Check out our latest analysis for Shilpa Medicare

How Does Shilpa Medicare's P/E Ratio Compare To Its Peers?

Shilpa Medicare's P/E of 25.43 indicates some degree of optimism towards the stock. You can see in the image below that the average P/E (16.1) for companies in the pharmaceuticals industry is lower than Shilpa Medicare's P/E.

NSEI:SHILPAMED Price Estimation Relative to Market, September 27th 2019
NSEI:SHILPAMED Price Estimation Relative to Market, September 27th 2019

Its relatively high P/E ratio indicates that Shilpa Medicare shareholders think it will perform better than other companies in its industry classification.
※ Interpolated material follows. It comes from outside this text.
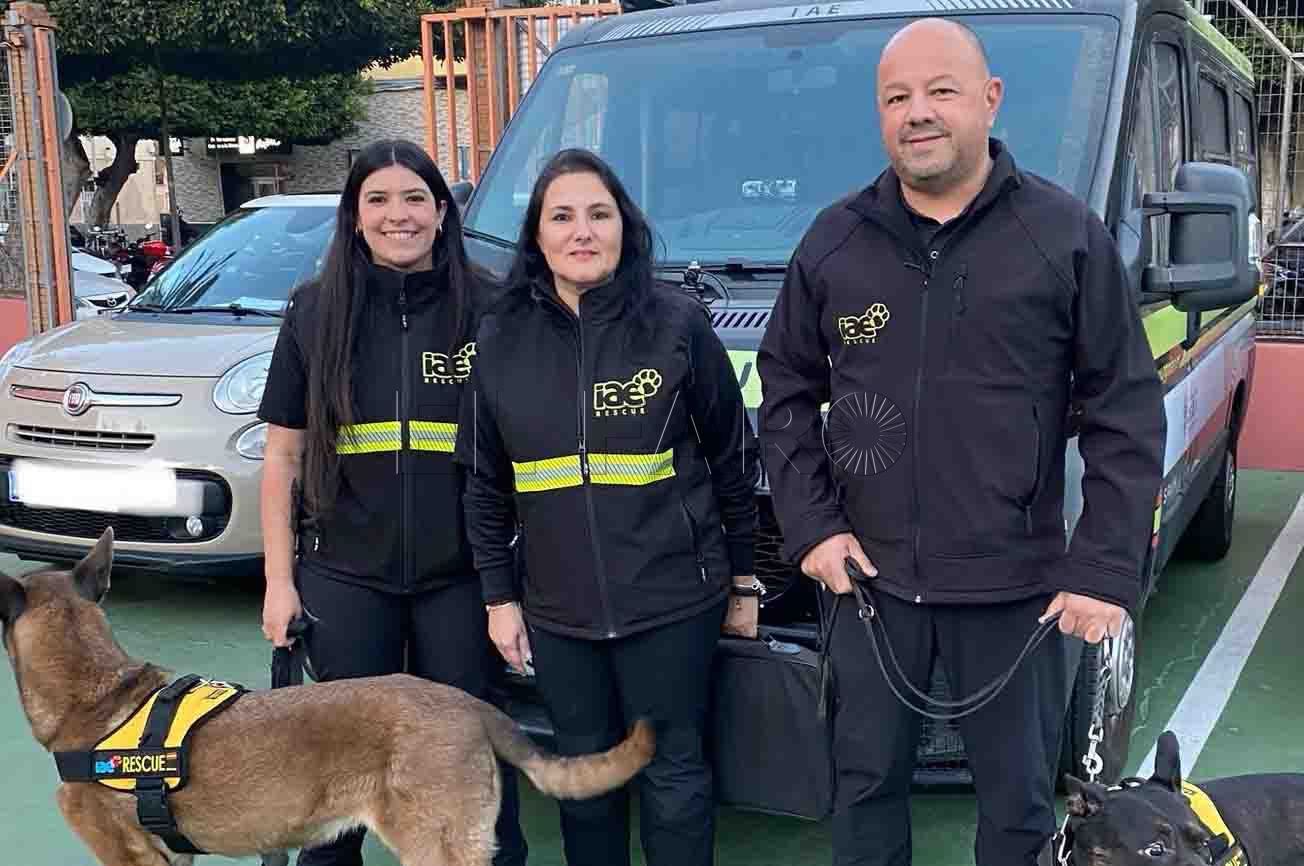 Equipos caninos, en el Reina Victoria Eugenia para el ciclo de emergencias sanitarias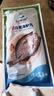 仙泉湖三去白蕉海鱸魚(yú)1斤/條凈膛冷凍刺少肉厚珠海特產(chǎn)500g生鮮食材 曬單實(shí)拍圖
Shareholders are clearly optimistic, but the future is always uncertain. So investors should always consider the P/E ratio alongside other factors, such as whether company directors have been buying shares.

How Growth Rates Impact P/E Ratios

If earnings fall then in the future the 'E' will be lower. That means even if the current P/E is low, it will increase over time if the share price stays flat. Then, a higher P/E might scare off shareholders, pushing the share price down.

Shilpa Medicare saw earnings per share decrease by 21% last year. But EPS is up 1.7% over the last 5 years. And EPS is down 4.5% a year, over the last 3 years. This growth rate might warrant a low P/E ratio.

Don't Forget: The P/E Does Not Account For Debt or Bank Deposits

The 'Price' in P/E reflects the market capitalization of the company. Thus, the metric does not reflect cash or debt held by the company. Hypothetically, a company could reduce its future P/E ratio by spending its cash (or taking on debt) to achieve higher earnings.